Medan — Pengamat hukum Dr. M. Iqbal Asnawi, SH, MH mendesak aparat penegak hukum (APH) bertindak tegas, profesional, dan transparan dalam menyikapi maraknya dugaan praktik perjudian togel dan judi tembak ikan di Sumatera Utara yang dinilai semakin meresahkan masyarakat.
Iqbal menilai mencuatnya kembali nama seseorang berinisial AK, yang disebut-sebut dalam dugaan jaringan perjudian togel, harus menjadi perhatian serius aparat penegak hukum untuk segera dilakukan penyelidikan secara menyeluruh dan objektif.
“Informasi dan laporan masyarakat tidak boleh diabaikan.

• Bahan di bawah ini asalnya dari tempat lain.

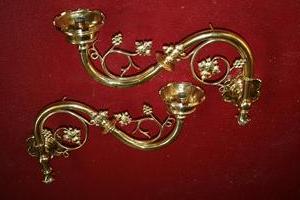 Wall Candle Holders en Messing / Bronze, Belgium 19th century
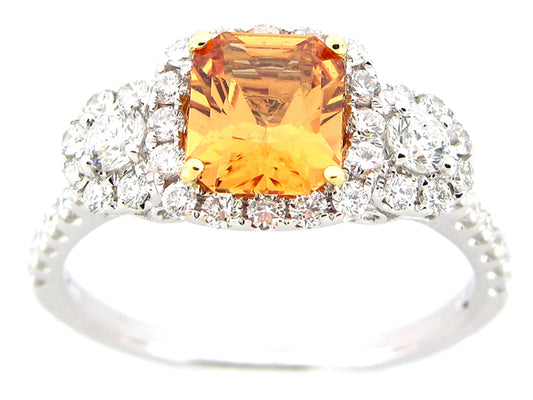 YELLOW SAPPHIRE & DIAMOND RING, 18KT (H/U)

Negara wajib hadir untuk memastikan hukum ditegakkan secara adil, transparan, dan akuntabel,” ujar Iqbal kepada wartawan di Medan, Kamis (22/1/2026).
Ia menegaskan bahwa perjudian merupakan tindak pidana yang secara tegas dilarang oleh undang-undang. Jika terdapat dugaan kuat praktik perjudian togel yang terorganisir dan berlangsung dalam jangka waktu lama, maka aparat penegak hukum wajib segera melakukan penindakan sesuai hukum yang berlaku.
Iqbal menjelaskan, dalam Kitab Undang-Undang Hukum Pidana (KUHP) baru, ketentuan mengenai perjudian telah diatur secara tegas.
Pasal 426 KUHP mengancam pidana penjara paling lama sembilan tahun serta pidana denda bagi pihak yang menawarkan, memberi kesempatan, atau menjadikan perjudian sebagai mata pencaharian tanpa izin.
Sementara itu, Pasal 427 KUHP mengatur sanksi pidana bagi pihak yang turut serta bermain judi yang diselenggarakan tanpa izin.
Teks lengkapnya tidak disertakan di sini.